Complex Concepts Simplified
- Eleventh Amendment sovereign immunity: The Constitution generally bars lawsuits in federal court against states and their arms (including state courts) unless the state consents or Congress clearly authorizes suit. Suing a state officer in his or her official capacity is treated as suing the state itself.
- Ex Parte Young exception: A narrow rule allowing suits for prospective (forward‑looking) injunctions against state officers who are enforcing an unconstitutional law. It normally does not allow injunctions against state judges or clerks about how they run their courtrooms or dockets.
- Quasi‑judicial immunity: Absolute immunity for court staff (like clerks) when they carry out tasks intimately tied to the judicial process, especially when acting under a judge’s orders. It protects them from damages suits.
- Qualified immunity: A defense for government officials sued in their individual capacities, shielding them unless they violated clearly established law. It was not invoked here and was not the basis for dismissal.
- Rule 12(b)(1) vs.
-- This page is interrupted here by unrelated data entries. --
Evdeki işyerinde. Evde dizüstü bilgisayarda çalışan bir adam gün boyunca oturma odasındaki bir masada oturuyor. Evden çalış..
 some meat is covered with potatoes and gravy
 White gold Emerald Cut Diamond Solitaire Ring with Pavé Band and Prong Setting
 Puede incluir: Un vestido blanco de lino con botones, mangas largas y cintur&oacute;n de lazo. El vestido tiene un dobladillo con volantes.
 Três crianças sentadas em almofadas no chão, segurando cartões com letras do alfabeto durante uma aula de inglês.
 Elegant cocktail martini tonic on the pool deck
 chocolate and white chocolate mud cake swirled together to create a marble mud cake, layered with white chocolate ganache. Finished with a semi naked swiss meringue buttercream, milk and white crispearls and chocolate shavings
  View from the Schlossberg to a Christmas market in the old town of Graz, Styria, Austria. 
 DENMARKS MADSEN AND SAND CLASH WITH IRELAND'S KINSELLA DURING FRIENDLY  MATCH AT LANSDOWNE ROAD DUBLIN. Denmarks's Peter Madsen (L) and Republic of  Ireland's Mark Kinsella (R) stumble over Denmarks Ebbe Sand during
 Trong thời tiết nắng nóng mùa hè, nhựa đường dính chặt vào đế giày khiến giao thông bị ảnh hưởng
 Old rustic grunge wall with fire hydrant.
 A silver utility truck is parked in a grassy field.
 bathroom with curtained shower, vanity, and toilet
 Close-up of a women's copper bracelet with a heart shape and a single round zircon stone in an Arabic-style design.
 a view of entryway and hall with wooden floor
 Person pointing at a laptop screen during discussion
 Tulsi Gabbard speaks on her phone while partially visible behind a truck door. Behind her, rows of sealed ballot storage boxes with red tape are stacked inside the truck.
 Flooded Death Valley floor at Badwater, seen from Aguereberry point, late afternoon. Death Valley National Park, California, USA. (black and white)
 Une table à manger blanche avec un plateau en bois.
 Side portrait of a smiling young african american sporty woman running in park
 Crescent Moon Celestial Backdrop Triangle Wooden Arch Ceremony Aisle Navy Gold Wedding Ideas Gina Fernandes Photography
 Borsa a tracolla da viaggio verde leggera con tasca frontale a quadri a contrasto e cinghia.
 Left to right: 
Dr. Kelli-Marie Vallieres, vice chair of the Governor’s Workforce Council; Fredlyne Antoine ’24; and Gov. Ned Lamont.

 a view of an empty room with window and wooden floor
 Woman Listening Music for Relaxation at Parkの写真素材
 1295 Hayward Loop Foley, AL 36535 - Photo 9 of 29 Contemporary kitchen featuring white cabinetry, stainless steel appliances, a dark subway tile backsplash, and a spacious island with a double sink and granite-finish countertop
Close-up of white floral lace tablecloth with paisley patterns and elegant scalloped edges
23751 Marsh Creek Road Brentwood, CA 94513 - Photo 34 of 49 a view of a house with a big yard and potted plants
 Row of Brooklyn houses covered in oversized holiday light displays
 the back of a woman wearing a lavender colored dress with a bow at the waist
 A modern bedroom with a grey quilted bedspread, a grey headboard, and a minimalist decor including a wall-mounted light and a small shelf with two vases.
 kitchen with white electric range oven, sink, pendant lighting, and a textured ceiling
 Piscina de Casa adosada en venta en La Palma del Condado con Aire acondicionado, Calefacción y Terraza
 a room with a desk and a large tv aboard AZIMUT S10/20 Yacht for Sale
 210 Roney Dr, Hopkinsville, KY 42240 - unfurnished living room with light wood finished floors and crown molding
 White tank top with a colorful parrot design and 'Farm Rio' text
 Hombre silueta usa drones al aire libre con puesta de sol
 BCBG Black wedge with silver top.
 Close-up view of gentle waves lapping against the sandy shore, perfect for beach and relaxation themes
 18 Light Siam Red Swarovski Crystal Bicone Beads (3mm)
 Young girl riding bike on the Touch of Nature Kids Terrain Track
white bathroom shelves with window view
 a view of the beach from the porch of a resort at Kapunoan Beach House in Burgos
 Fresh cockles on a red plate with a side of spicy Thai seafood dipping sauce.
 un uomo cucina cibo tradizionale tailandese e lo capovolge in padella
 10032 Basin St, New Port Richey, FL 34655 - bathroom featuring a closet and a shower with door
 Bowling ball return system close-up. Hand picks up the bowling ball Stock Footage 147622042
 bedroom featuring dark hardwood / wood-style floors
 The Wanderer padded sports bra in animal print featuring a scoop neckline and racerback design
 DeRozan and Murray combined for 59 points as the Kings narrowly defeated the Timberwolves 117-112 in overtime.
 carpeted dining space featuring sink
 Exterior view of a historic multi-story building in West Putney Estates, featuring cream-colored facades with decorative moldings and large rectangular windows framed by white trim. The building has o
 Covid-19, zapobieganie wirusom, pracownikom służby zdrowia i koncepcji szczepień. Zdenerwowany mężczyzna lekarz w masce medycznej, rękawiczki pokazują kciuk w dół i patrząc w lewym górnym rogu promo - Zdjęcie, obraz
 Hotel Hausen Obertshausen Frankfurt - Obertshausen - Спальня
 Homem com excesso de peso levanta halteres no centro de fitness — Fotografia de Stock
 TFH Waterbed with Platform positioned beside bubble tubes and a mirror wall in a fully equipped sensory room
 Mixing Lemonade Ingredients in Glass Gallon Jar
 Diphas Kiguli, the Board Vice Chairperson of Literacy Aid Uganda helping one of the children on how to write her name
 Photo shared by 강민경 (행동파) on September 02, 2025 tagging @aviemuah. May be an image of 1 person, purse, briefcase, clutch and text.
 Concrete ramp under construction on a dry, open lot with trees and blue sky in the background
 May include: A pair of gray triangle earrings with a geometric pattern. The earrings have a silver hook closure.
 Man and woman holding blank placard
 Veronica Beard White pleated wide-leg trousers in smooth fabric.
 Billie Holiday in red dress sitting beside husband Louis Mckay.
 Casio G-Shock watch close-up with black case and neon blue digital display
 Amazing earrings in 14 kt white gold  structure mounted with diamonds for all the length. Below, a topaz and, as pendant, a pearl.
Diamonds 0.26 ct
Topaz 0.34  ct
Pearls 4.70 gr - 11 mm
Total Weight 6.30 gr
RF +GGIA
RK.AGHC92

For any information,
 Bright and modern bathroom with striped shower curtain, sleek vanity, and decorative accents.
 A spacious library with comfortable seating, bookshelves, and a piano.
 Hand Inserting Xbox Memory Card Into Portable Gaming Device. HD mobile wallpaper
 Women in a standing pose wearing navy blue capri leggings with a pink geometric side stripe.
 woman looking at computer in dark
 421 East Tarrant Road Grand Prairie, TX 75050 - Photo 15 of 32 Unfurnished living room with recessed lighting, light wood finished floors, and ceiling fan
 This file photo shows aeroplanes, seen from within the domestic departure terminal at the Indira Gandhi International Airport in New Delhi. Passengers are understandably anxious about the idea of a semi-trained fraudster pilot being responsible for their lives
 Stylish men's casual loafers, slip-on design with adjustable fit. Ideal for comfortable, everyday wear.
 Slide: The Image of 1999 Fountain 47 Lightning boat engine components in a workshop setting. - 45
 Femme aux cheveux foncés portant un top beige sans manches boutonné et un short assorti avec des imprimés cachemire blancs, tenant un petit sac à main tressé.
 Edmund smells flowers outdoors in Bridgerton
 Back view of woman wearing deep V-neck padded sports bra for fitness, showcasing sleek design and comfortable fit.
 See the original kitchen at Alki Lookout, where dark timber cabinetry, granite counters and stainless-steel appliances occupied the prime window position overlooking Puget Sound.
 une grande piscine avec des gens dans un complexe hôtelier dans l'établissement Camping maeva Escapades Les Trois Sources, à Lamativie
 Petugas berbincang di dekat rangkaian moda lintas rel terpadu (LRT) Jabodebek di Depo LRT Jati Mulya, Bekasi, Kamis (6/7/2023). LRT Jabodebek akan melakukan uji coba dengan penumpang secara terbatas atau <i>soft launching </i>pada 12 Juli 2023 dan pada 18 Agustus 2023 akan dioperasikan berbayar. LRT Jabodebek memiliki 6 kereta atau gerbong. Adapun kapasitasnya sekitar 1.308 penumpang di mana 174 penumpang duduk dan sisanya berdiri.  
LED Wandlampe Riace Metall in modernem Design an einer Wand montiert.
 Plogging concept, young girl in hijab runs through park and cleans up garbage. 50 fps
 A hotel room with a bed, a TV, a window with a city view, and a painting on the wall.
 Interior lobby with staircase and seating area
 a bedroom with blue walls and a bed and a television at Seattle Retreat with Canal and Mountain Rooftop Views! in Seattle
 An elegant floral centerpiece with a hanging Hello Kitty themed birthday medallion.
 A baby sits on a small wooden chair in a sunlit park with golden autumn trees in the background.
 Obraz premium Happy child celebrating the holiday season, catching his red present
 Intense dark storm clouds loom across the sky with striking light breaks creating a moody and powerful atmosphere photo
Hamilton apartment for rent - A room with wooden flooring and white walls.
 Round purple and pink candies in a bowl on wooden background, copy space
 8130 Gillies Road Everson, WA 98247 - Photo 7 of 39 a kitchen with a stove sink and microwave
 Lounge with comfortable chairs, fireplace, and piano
Rule 12(b)(6): Rule 12(b)(1) concerns the court’s power to hear the case at all (subject‑matter jurisdiction), implicated by sovereign immunity. Rule 12(b)(6) asks whether the complaint states a claim that is plausible. Courts can address jurisdiction first and must dismiss if they lack it.
- Pro se litigation: Courts read pro se pleadings liberally but still require compliance with procedural rules like page limits and deadlines. Liberal construction does not mean a lower pleading standard.
- Prospective injunctive relief: A court order that tells a defendant to stop or change behavior going forward. In federal court, such relief cannot usually be directed at state judges or clerks for their adjudicatory or administrative functions.
Conclusion
Jackson v. Mason is a thorough reaffirmation of foundational immunity doctrines as they apply to § 1983 challenges against state judicial actors. The Tenth Circuit held that:
- Official‑capacity claims against a state judge, court, and clerk are barred by Eleventh Amendment sovereign immunity;
- Individual‑capacity claims against a clerk for enforcing a judge’s filing restrictions are barred by quasi‑judicial immunity; and
- The Ex Parte Young exception does not ordinarily permit federal courts to issue injunctions against state‑court judges or clerks regarding case‑management functions.
The opinion also clarifies procedural points: sovereign immunity is jurisdictional and may be resolved without discovery; pro se status does not excuse noncompliance with procedural rules; and issues not properly briefed on appeal are deemed abandoned. While designated nonprecedential, the decision carries persuasive force and offers clear guidance to litigants and courts: constitutional objections to state‑court filing restrictions belong in state appellate channels, not in federal § 1983 suits against the judge or clerk.
Note on Precedential Status
The panel’s order is not binding precedent except under law‑of‑the‑case, res judicata, and collateral estoppel, but it may be cited for persuasive value under applicable rules. Its reasoning, grounded in Whole Woman’s Health v. Jackson and long‑standing immunity doctrines, is likely to influence district courts within the circuit confronting similar challenges to state‑court case‑management decisions.